Marijuana is one of the safest therapeutically active substances known.
No one has ever died from an overdose unlike Opiates and it has a wide variety of medical applications:
- Relief from nausea and increase of appetite
- Reduction of intarlobular eye pressure
- Reduction of muscle spasms
Marijuana is frequently beneficial in the treatment of the following conditions:
Tenosynovitis – the tender swelling of the rope or cord like structures (tendons) which connect muscles to the bones
HIV/AIDS. Marijuana can reduce the nausea, vomiting, and loss of appetite caused by the ailment itself and by various HIV/AIDS medications.

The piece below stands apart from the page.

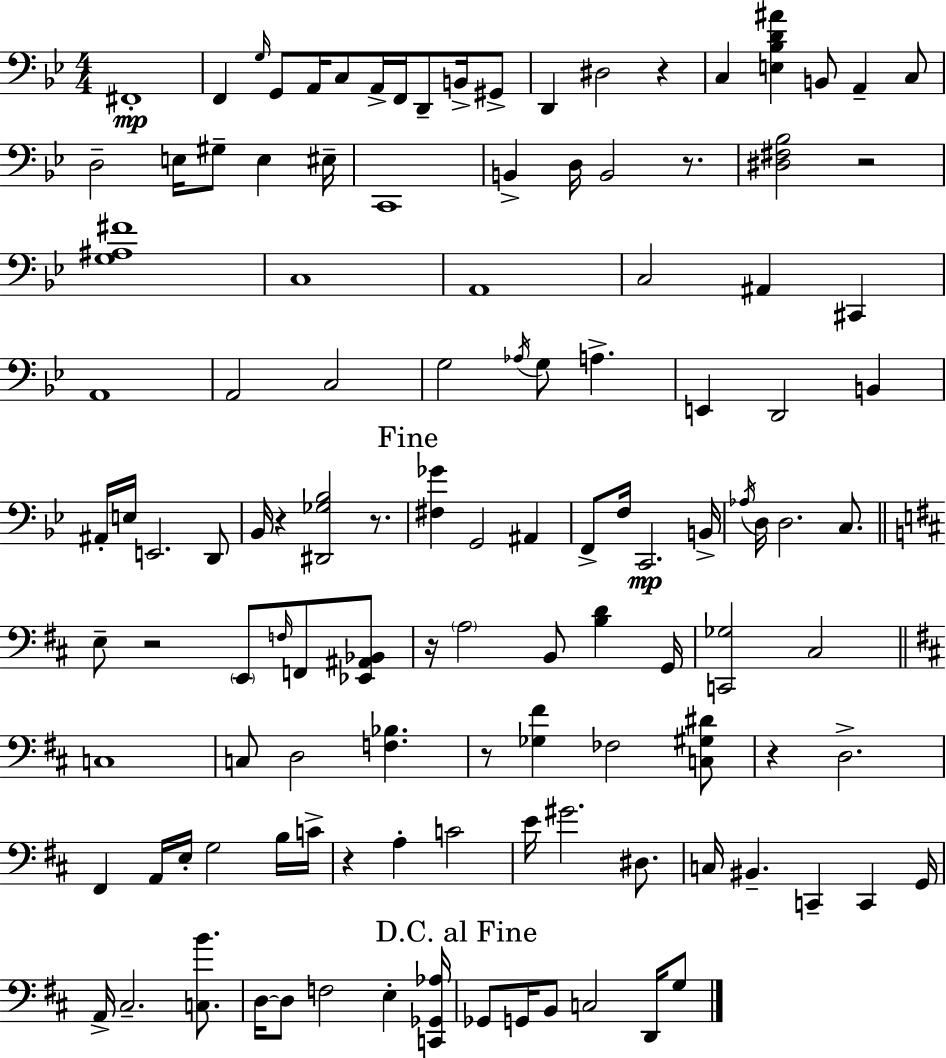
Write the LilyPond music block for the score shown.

Glaucoma. Marijuana can reduce interlobular pressure, thereby alleviating the pain and slowing — and sometimes stopping — the progress of the condition. (Glaucoma is the leading cause of blindness in the United States. It damages vision by increasing eye pressure over time.)
Cancer. Marijuana can stimulate the appetite and alleviate nausea and vomiting, which are common side effects of chemotherapy treatment.
Multiple Sclerosis. Marijuana can limit the muscle pain and spasticity caused by the disease, as well as relieving tremor and unsteadiness of gait. (Multiple sclerosis is the leading cause of neurological disability among young and middle-aged adults in the United States.)
Epilepsy. Marijuana can prevent epileptic seizures in some patients.
Chronic Pain. Marijuana can alleviate the chronic, often debilitating pain caused by myriad disorders and injuries.
Many patients also report that marijuana is useful for treating arthritis, migraine, menstrual cramps, alcohol and opiate addiction, and depression and other debilitating mood disorders.
Marijuana could be helpful for millions of patients around the world.
People currently suffering from any of the conditions mentioned above, for whom the legal medical options have proven unsafe or ineffective, have two options:
Continue to suffer from the ailment itself; or
Illegally obtain marijuana — and risk suffering consequences such as:
an insufficient supply due to the prohibition-inflated price or scarcity;
impure, contaminated, or chemically grown marijuana;
arrests, fines, court costs, property forfeiture, incarceration, probation, and criminal records.
Background
Prior to 1937, at least 27 medicines containing marijuana were legally available in the United States. Many were made by well-known pharmaceutical firms that still exist today, such as Squibb (now Bristol-Myers Squibb) and Eli Lilly. The Marijuana Tax Act of 1937 federally prohibited marijuana. Dr. William C. Woodward of the American Medical Association opposed the Act, testifying that prohibition would ultimately prevent the medicinal uses of marijuana.
The Controlled Substances Act of 1970 placed all illicit and prescription drugs into five “schedules” (categories). Marijuana was placed in Schedule I, defining it as having a high potential for abuse, no currently accepted medicinal use in treatment in the United States, and a lack of accepted safety for use under medical supervision.
This definition simply does not apply to marijuana. Of course, at the time of the Controlled Substances Act, marijuana had been prohibited for more than three decades. Its medicinal uses forgotten, marijuana was considered a dangerous and addictive narcotic.
A substantial increase in the number of recreational users in the 1970s contributed to the rediscovery of marijuana’s medicinal uses:
Many scientists studied the health effects of marijuana and inadvertently discovered marijuana’s astonishing medicinal history in the process.
Many who used marijuana recreationally also suffered from diseases for which marijuana is beneficial. By fluke, they discovered its therapeutic usefulness.
As the word spread, more and more patients started self-medicating with marijuana. However, marijuana’s Schedule I status bars doctors from prescribing it and severely curtails research.